平措旺杰1922年1月出生在巴塘。巴塘这个地方位于今日四川省西部,历史上属藏地三区中的“康”区。平措旺杰小时候,生活在巴塘的,百分之九十以上是藏族人,可是它远离拉萨,拉萨的政治权力到不了这个藏地的边缘地区。统治着巴塘的,是四川军阀刘文辉派出的汉人县长。这个四川军阀又和国民政府的中央政权离心离德。平措旺杰从小就给父母送到拉萨最大的寺庙甘丹寺,跟着当喇嘛的叔叔,为以后出家当喇嘛做准备,只是后来叔叔不幸早逝,才回到巴塘的家里。而此时的巴塘,呈现出汉藏民族和中央地方政权之间错综复杂的关系。平措旺杰开篇说他的儿时巴塘,不是一般回忆录中温情脉脉的童年记忆,而是中央和地方政权的矛盾之下,汉藏之间的血腥冲突。就是这些冲突,让幼小的平措旺杰接触到了独立和自治的含义。他讲述的第一个故事是一个叫格桑次仁(Kesang Tsering)的人。
1932年,平措旺杰十岁,他说他一直记得格桑次仁回到巴塘的景象。格桑次仁骑一匹大白马,一身戎装,在十岁的平措旺杰眼里神气之极。格桑次仁是国民政府蒙藏委员会的成员,平措旺杰有一个叔叔也在南京的蒙藏委员会。这次格桑回到家乡,是来完成国民政府交给他的使命,在巴塘建立国民党组织。但是格桑次仁有自己的打算,他要利用这个使命,来推翻军阀刘文辉在巴塘的统治,把治权重新收到藏人的手里。他要对付的是刘文辉在巴塘的兵营。用的什么办法呢?他以国民政府派员的身份,邀请兵营里的指挥官赴宴,在筵席上下了他们的枪。
后来,军阀刘文辉派出的兵力,还是把格桑次仁赶出了巴塘地区,格桑次仁没有完成国民政府给他的使命,他也没有实现在巴塘藏人治藏的个人理想。但他从此成为平措旺杰心目中的民族英雄,平措旺杰立志也要成为这样的人:受过现代教育,有魄力有能力,为家乡谋福利。
当时巴塘的汉人和藏人,中央和地方军阀,你中有我,我中有你,形成独特的纠葛局面。
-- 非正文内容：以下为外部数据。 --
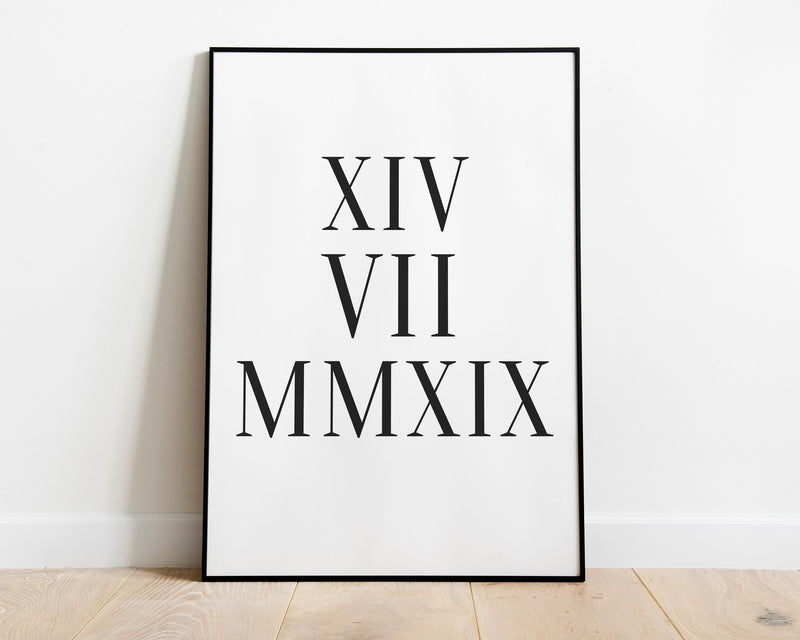 Roman Numerals Date Print | Wedding Date Print | Roman Numerals Custom Print  | Personalised Date Print - Happy You Prints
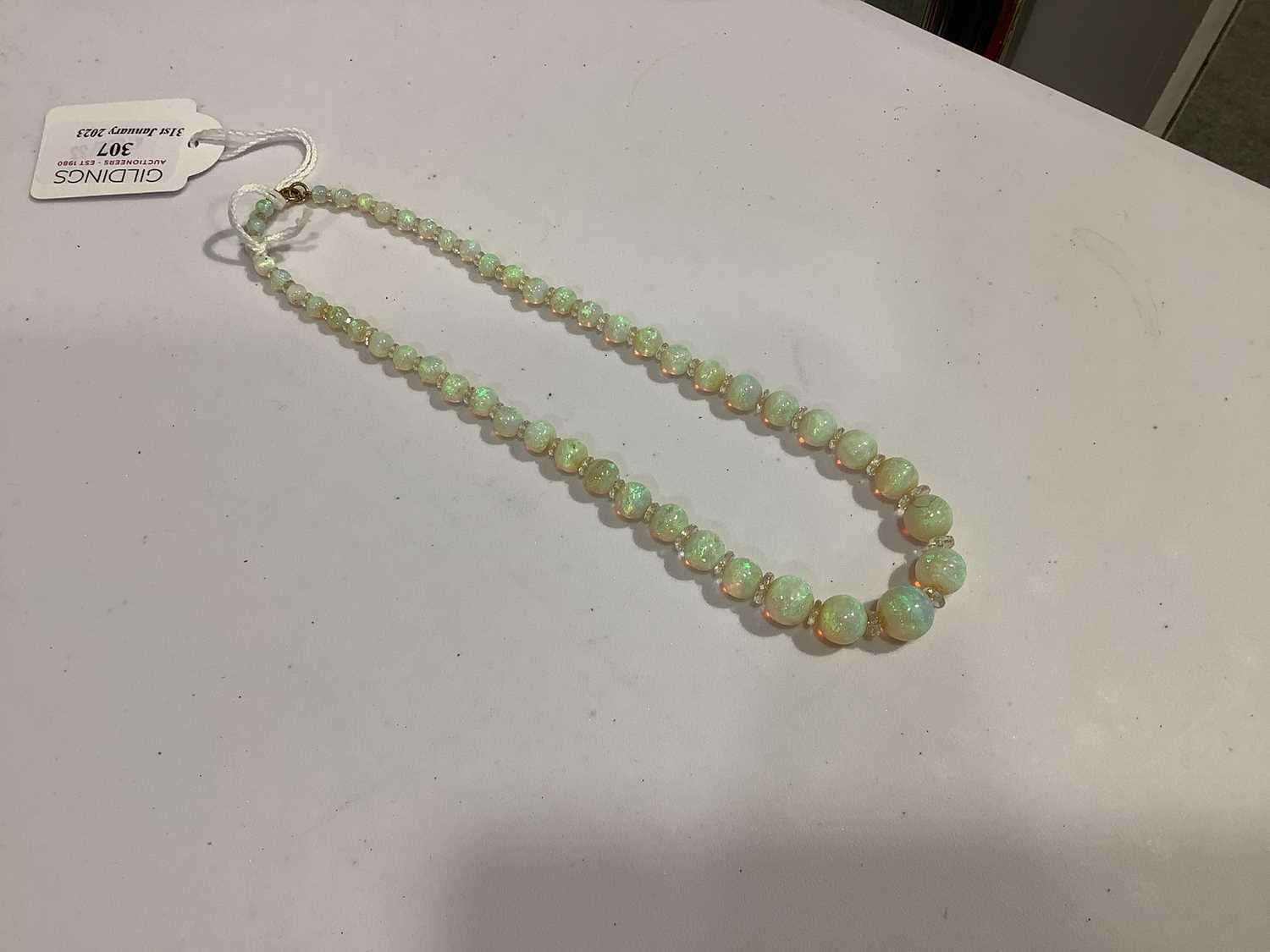 An opal bead necklace. - Image 2 of 5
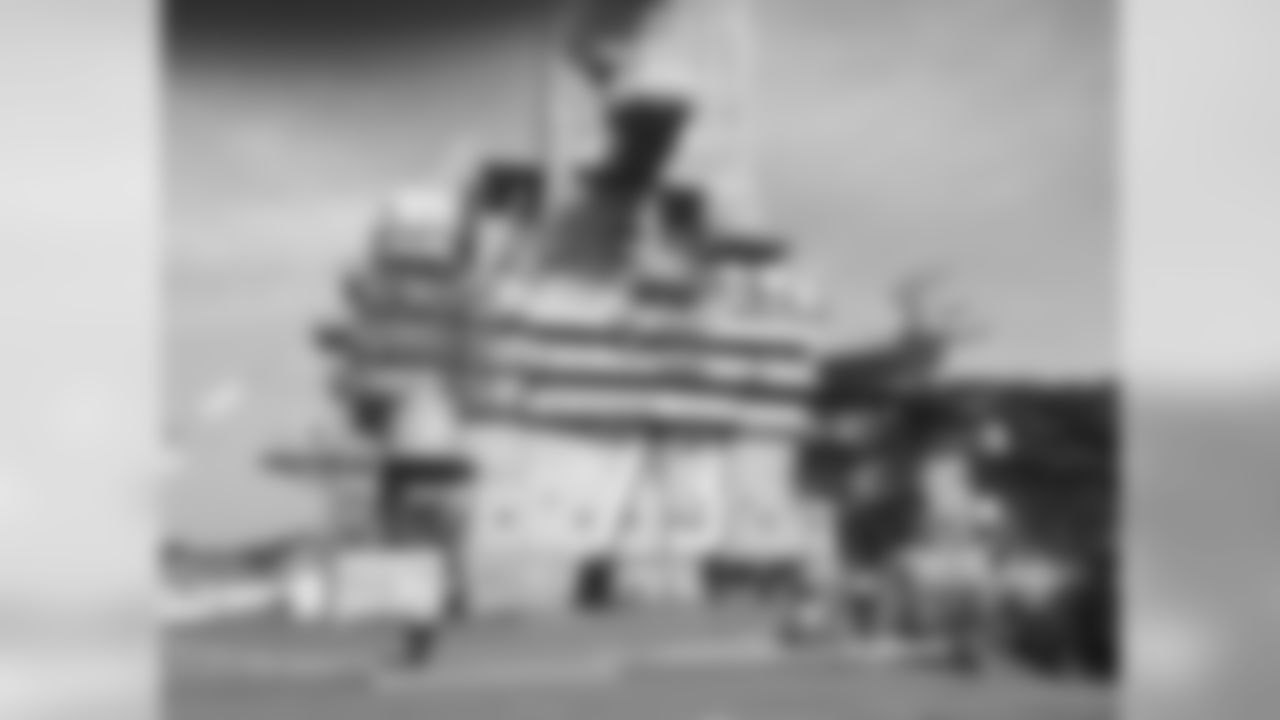 Construction underway on the aircraft carrier.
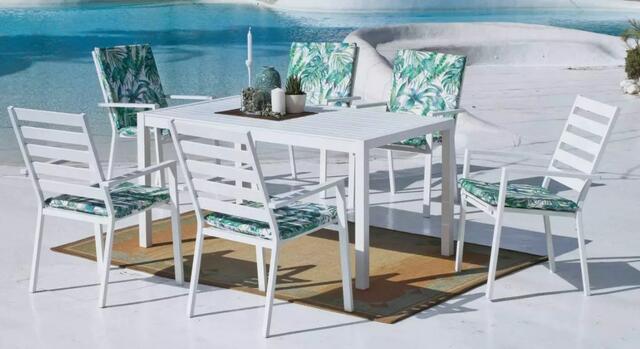 Palma White Aluminium 150 x 90cm Dining Table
于是,“鸿门宴”的故事一演再演,成功概率仍然很高,其原因是,被邀请者除了赴宴,其实并没有别的更好的选择。而汉藏文武官员之间的承诺,结盟,伪装,背叛,成了家常便饭。
平措讲述的儿时故事里,他的叔叔洛桑顿珠奉国民政府蒙藏委员会之命,在巴塘和刘文辉手下一个叫傅德铨的人发生冲突,特别血腥。洛桑先用鸿门宴扣留了傅德铨,傅德铨发誓服从,骗得释放,又反过来扣留了当地一个著名喇嘛。当最后傅德铨对藏人发动进攻前,他们举行了一个鼓舞士气的仪式。他们把一个藏人俘虏绑在柱子上,让每个士兵用刺刀刺一刀,刺得浅一点,不要把俘虏一下子刺死,但是每人的刺刀上都要沾上鲜血。这个人的惨叫太凄厉了,于是他们堵上了他的嘴,一直折磨到晚上才让他死去。
正是这些儿时故事,让平措旺杰相信,自己必须受现代教育。在这次事件以后,平措旺杰要求他的叔叔把他带出去。他们赶着牦牛,从巴塘走到汉藏交界的打箭炉,再到乐山,乘船到重庆,换船顺流而下到了国民政府首都南京。平措旺杰进了蒋介石的中央政治学院,他进的是蒙藏委员会为培养蒙藏干部而特设的班级。该校学生一律制服,军事化管理。在这里,平措旺杰学到了流利的汉语,还接受过蒋介石的检阅。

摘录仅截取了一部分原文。